Truly, this book has helped with my slump. Very interesting, very compelling, totally different.
The soundtrack running through my head is Vance Joy's "Riptide"... it keeps looping in my mind and playing it a few times hasn't really helped.
Again, it is interesting how certain books seem to come along at certain times. Sometimes there is a message, or a reason why it has come along at this certain moment of time. I suspect this could be one of those kind of books - especially since it delves so much in to family history, and breaking free and creating a new history. The whimsical part of my really liked this book - it fits with the theme perhaps of the 'other' worldly a lot of my reading has taken me in the past year. I get the feeling this is another polarizing book that will either draw you in or you will never become a part of it.
I like the idea of being practical from this novel - that it brings strength, and a clear head, and an ability to weather a storm. This is a book about family, and choices, and how our paths can intersect until a circle is closed (for lack of a better analogy) to break free from the past. It is about circuses, and oddities, family, and love. It is about appearances that can be deceiving, and about life on the margins, and creating family out of nothing. Very interesting.
I like this booked in ways that I can't always articulate.
This is a quote from one of the last pages, as the crisis passes, it strikes a chord with me as I am working on figuring out how to move forward with my mom, and my family, and how do we carve a different path from the one we have walked for almost the last decade. It is time to start a new cycle, and a different kind of caring within our family love:
"I am not used to being carried, but there are obligations that come with family, letting them care for you when they need to...We carry our families like anchors, rooting us in storms, making sure we never drift from where and who we are. We carry our families within us the way we carry our breath underwater, keeping us afloat, keeping us alive. I've been lifting anchors since I was eighteen. I've been holding my breath since I was born." (p330).
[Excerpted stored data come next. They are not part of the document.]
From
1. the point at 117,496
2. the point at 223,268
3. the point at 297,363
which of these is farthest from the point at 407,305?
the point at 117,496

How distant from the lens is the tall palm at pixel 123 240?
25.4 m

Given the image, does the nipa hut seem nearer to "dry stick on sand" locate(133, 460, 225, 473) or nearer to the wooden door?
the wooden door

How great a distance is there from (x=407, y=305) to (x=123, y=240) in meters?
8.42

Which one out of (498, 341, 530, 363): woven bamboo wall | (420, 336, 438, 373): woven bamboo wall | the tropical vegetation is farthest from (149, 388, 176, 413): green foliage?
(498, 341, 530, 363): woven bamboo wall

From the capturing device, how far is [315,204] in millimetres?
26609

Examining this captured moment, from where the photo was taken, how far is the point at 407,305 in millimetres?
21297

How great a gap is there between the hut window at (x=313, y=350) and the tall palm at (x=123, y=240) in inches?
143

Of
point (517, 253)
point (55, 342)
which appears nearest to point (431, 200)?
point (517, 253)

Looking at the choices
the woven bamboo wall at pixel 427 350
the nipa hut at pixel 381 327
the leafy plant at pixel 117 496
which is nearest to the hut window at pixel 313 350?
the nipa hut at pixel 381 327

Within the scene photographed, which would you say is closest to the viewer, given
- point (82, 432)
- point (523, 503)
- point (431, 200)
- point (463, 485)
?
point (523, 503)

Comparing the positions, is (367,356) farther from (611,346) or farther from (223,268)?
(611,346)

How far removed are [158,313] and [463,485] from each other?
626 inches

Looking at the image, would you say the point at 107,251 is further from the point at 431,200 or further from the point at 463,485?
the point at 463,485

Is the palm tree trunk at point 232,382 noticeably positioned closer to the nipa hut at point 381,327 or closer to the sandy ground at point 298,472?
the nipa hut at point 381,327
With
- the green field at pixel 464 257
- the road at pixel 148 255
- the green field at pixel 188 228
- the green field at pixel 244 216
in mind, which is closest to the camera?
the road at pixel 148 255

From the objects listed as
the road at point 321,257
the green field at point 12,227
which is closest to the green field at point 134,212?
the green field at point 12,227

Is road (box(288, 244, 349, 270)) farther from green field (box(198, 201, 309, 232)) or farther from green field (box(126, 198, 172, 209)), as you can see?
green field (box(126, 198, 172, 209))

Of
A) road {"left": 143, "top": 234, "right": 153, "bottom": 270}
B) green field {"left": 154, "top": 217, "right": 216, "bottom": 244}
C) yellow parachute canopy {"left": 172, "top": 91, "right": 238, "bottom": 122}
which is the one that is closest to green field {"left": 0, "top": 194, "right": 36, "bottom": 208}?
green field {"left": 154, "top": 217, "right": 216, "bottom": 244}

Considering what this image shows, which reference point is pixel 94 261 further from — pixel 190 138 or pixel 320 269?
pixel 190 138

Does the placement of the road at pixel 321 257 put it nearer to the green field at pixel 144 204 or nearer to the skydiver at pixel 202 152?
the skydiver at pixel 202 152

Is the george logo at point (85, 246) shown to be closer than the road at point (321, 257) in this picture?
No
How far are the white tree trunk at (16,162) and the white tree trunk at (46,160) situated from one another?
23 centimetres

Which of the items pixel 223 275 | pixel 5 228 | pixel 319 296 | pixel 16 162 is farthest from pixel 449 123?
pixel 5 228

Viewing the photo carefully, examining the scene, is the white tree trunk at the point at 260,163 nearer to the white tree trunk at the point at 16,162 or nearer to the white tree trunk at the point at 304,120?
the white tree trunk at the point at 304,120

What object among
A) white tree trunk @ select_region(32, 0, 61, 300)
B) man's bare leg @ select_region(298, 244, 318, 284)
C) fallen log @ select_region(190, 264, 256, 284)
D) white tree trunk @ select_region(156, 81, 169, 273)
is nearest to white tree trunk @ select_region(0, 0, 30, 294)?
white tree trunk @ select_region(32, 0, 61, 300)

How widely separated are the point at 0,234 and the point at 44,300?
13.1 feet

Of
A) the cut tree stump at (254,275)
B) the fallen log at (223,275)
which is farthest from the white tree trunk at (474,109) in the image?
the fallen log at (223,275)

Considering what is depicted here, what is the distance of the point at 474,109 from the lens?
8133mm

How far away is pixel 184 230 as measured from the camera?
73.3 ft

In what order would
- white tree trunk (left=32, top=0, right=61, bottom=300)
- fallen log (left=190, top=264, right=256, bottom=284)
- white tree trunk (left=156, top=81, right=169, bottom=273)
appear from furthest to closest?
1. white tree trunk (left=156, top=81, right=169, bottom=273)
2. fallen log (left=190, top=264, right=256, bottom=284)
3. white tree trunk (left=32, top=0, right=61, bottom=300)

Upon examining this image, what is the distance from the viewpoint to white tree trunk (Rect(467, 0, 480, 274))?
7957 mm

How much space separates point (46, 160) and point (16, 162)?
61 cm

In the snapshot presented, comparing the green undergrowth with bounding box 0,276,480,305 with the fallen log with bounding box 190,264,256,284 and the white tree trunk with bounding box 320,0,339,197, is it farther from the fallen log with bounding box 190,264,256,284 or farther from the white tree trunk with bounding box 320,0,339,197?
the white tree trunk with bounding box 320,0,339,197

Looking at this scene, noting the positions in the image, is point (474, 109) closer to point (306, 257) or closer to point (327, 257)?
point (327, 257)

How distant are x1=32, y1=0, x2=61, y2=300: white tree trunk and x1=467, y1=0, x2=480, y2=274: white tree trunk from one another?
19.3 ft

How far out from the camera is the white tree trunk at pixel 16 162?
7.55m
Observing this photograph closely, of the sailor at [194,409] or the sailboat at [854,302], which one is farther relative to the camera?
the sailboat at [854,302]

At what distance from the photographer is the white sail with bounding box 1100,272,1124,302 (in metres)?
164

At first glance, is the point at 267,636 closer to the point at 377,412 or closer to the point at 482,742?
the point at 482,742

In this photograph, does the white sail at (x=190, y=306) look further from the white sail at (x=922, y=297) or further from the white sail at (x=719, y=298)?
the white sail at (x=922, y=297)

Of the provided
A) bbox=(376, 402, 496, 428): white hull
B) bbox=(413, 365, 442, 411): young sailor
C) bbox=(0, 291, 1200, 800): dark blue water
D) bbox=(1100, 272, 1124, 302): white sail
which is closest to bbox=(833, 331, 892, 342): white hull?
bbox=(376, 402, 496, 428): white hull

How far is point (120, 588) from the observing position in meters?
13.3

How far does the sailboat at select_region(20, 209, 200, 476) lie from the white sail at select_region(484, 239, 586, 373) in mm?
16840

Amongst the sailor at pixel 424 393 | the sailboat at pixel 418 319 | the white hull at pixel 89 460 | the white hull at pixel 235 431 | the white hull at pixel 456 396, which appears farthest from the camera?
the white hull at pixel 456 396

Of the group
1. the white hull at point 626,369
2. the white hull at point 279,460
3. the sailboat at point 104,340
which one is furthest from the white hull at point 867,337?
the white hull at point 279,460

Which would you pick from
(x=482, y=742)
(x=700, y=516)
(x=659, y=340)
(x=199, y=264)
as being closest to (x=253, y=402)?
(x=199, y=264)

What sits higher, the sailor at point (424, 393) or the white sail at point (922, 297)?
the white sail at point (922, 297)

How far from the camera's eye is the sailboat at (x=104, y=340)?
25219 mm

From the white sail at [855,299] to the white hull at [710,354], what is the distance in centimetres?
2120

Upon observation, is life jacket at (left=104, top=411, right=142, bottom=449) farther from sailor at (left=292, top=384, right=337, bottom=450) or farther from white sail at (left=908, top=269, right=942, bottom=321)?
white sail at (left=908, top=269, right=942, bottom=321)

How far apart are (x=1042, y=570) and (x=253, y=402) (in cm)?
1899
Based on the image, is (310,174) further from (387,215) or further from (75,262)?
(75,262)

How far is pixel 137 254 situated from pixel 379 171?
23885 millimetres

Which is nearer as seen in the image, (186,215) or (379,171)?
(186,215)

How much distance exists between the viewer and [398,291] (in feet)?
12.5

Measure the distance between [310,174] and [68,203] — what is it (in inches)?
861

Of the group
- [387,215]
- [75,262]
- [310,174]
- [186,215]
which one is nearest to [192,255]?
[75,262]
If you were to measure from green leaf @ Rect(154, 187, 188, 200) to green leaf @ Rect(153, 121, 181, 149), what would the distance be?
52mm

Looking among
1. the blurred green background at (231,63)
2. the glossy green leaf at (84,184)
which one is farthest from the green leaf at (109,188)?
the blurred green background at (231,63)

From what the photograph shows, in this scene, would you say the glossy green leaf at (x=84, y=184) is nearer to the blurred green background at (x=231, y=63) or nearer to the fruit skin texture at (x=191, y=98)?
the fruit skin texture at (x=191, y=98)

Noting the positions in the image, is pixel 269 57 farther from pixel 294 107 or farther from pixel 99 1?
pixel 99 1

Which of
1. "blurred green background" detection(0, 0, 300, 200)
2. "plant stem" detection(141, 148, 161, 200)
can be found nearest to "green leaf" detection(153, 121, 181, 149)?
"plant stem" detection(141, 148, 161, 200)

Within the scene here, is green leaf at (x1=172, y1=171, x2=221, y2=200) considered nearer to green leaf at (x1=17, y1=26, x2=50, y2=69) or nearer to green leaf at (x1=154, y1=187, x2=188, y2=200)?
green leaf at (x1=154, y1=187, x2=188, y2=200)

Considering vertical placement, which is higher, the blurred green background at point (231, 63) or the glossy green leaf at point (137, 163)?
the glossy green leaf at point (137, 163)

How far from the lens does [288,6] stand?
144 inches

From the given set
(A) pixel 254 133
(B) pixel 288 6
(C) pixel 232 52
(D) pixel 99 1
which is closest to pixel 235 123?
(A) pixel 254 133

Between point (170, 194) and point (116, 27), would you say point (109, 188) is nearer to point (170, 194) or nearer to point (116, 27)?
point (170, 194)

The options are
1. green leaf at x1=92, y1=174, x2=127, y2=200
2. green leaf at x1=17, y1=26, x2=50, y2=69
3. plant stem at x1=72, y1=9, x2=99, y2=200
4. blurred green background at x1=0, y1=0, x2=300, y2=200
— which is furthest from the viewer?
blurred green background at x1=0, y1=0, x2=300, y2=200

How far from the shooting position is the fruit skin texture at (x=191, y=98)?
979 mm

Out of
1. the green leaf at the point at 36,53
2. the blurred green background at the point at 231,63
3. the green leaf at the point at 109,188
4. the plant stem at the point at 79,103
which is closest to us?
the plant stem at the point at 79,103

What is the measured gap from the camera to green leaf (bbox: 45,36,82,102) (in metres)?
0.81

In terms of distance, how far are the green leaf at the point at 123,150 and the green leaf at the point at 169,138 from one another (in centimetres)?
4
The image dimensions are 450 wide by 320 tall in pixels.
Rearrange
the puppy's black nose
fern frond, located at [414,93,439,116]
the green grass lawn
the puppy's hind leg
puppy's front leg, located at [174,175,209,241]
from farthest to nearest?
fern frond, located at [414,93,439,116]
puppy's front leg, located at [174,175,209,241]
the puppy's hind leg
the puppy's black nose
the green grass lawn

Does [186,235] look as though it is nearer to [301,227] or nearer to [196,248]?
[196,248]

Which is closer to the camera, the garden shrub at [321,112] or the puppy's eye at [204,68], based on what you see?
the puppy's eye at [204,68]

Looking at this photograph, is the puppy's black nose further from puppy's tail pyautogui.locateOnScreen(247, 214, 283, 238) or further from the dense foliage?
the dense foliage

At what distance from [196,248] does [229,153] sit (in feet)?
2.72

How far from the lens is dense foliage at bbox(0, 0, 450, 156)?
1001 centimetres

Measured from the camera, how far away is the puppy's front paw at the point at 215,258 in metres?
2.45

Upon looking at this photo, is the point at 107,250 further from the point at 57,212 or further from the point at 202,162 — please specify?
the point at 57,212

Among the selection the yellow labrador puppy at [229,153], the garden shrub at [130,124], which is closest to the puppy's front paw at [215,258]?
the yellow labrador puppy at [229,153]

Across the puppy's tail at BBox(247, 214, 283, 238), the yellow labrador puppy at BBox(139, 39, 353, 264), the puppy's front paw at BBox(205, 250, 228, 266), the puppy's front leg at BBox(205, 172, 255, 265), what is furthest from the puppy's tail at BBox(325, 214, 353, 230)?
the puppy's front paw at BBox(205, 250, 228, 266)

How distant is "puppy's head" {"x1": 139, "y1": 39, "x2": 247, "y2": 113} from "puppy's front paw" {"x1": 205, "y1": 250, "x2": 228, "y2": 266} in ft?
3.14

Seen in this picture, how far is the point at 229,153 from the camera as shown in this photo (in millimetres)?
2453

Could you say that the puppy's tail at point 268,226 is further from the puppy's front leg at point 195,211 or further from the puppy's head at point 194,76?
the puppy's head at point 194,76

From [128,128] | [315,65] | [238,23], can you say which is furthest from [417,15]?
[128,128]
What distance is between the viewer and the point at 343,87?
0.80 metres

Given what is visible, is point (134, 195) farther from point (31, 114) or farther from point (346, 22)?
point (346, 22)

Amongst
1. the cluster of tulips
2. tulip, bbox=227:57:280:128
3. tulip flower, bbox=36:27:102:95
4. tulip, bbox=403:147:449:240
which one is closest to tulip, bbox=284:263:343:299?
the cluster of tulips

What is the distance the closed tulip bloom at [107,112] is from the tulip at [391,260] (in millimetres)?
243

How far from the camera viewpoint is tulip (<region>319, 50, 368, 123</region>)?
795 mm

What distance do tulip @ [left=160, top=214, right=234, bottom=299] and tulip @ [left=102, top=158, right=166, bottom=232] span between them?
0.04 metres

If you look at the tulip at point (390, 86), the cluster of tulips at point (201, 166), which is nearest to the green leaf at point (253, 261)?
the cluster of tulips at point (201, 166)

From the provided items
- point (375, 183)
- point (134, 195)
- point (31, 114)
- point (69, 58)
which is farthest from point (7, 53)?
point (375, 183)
It is funny, I rushed to the last dozen pages, and then I stumbled my way through them - breaking to distract myself that it was almost done. At least I have a book waiting for me at the library - tonight I will need to take this one back, and fetch myself a new one.
And turning to the last page, we reach the point of where the title comes in to it's own for this book... especially about family and personal histories... "'sometimes we'll make it up. The first secret about history is how much of it is conjecture.' He shrugs. 'And we'll fill in spaces. They were good at inventing themselves.'... she knows that her name will find its way in to his speculations. So will his. Because there are things you do for people you've known your whole life. You let them save you, you put them in your books, and you let each other begin again, clean." (p339).